[[ RECORDS FOR THIS EXERCISE, beginning ]]
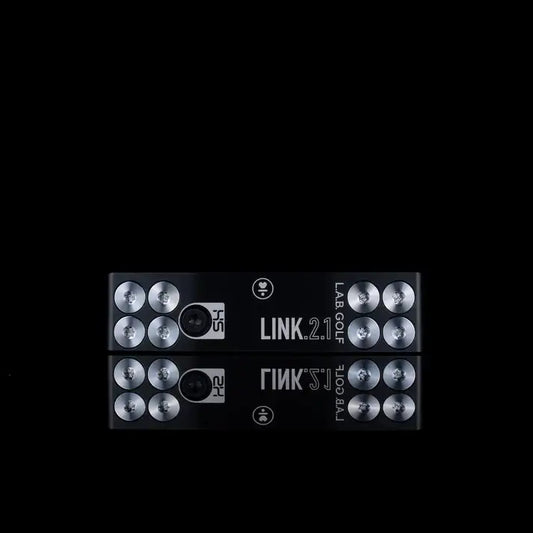 L.A.B. Golf Link.2.1 Standard Putter showing its unique design and branding on a black background.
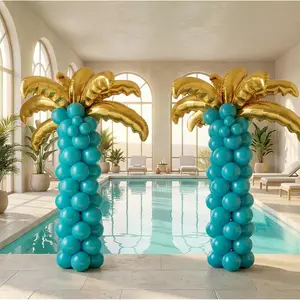 Tropical Palm Tree Balloon Set 120Pcs Foil Coconut Trees Teal Latex Luau Party Decor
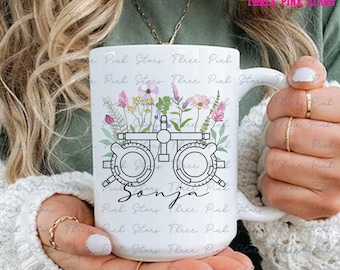 Personalized Optometry Mug, Ophthalmologist Mug, Optometrist Gift, Ophthalmology Tech Mug E6331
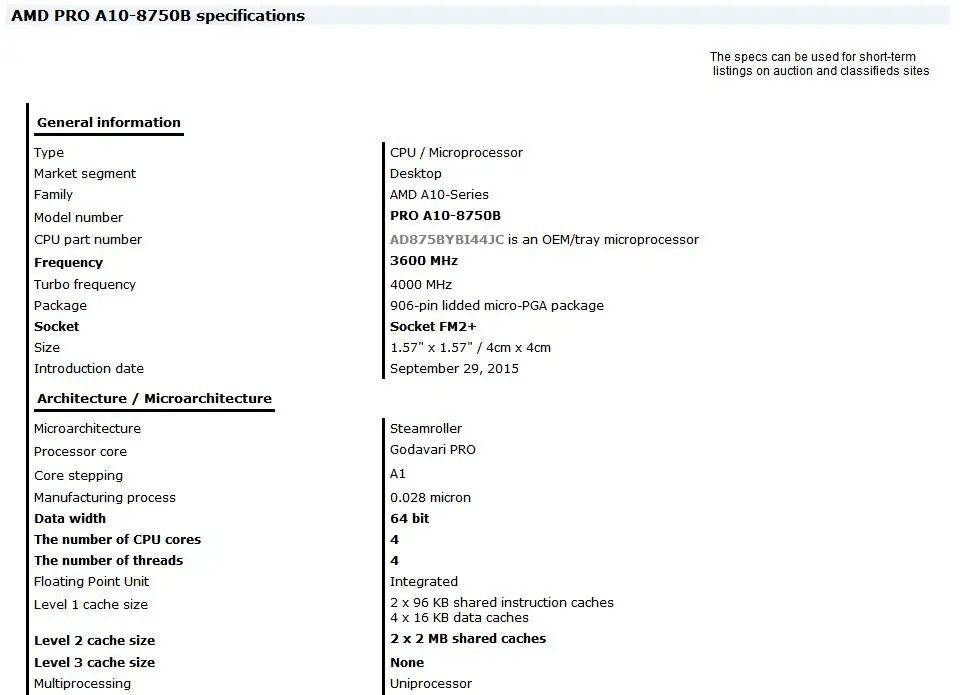 AMD A10-Series PRO A10-8750B A10 8750 A10 8750B 3.6GHz 65W Quad-Core 4MB CPU Processor Socket FM2+ NEW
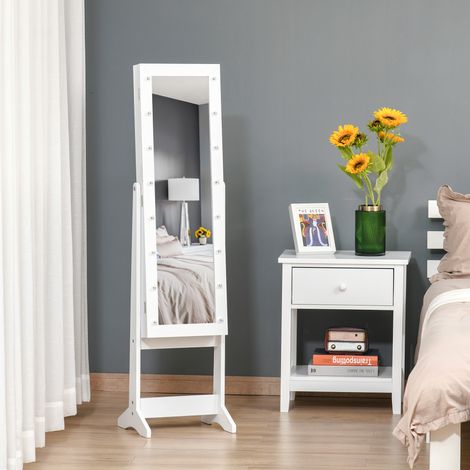 Specchio portagioie da terra con 16 luci LED e angolo regolabile, organizer per gioielli con ripiani, 36x30x136 cm, bianco caldo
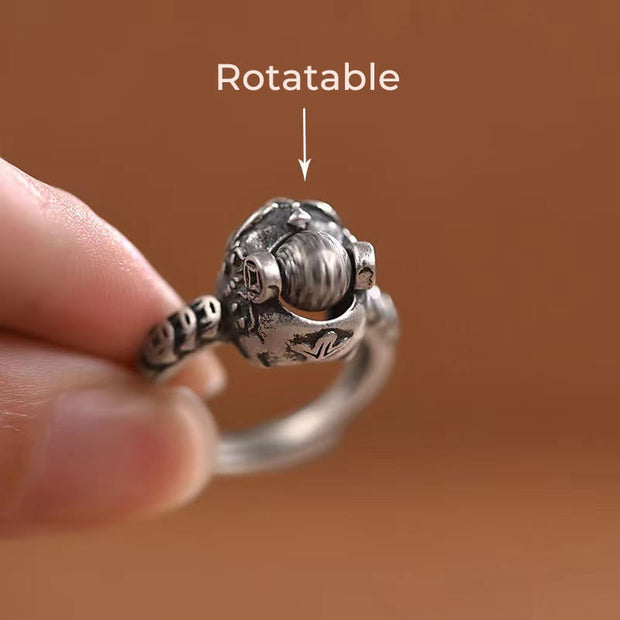 Buddha Stones Lucky FengShui PiXiu Copper Coin Rotatable Ring - image 4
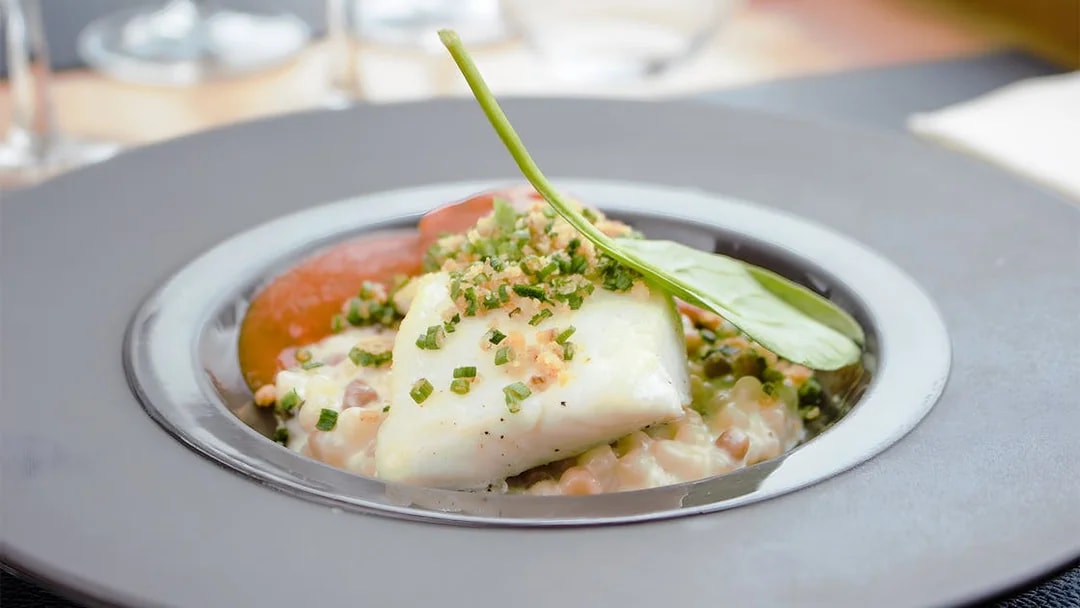 Gourmet dish served on Bustronome Paris tour.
[[ RECORDS FOR THIS EXERCISE, end ]]
ASSIGNMENT> Repeat, with no pictures, every line from the top of the entries above through the line that has "AMD A10-Series PRO", keeping each one exact.

PROBLEM SOLUTION>
 L.A.B. Golf Link.2.1 Standard Putter showing its unique design and branding on a black background.
 Tropical Palm Tree Balloon Set 120Pcs Foil Coconut Trees Teal Latex Luau Party Decor
 Personalized Optometry Mug, Ophthalmologist Mug, Optometrist Gift, Ophthalmology Tech Mug E6331
 AMD A10-Series PRO A10-8750B A10 8750 A10 8750B 3.6GHz 65W Quad-Core 4MB CPU Processor Socket FM2+ NEW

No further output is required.